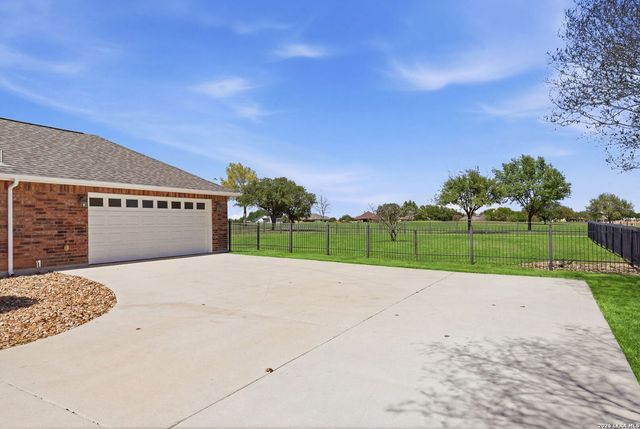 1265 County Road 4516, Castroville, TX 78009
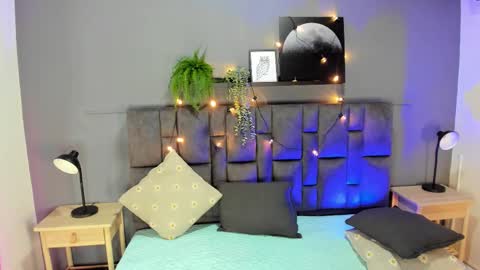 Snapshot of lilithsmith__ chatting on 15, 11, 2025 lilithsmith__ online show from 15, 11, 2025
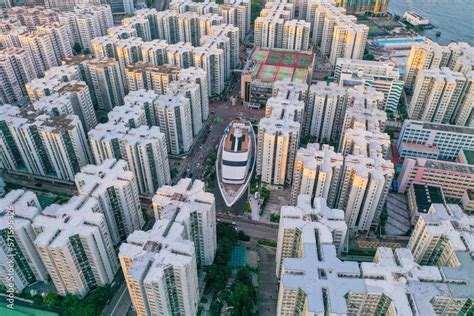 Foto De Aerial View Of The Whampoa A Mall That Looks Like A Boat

> WHAT YOU WILL DO
Only the pictures are to be omitted; restate everything else above exactly.

> ANSWER SPACE
 1265 County Road 4516, Castroville, TX 78009
 Snapshot of lilithsmith__ chatting on 15, 11, 2025 lilithsmith__ online show from 15, 11, 2025
 Foto De Aerial View Of The Whampoa A Mall That Looks Like A Boat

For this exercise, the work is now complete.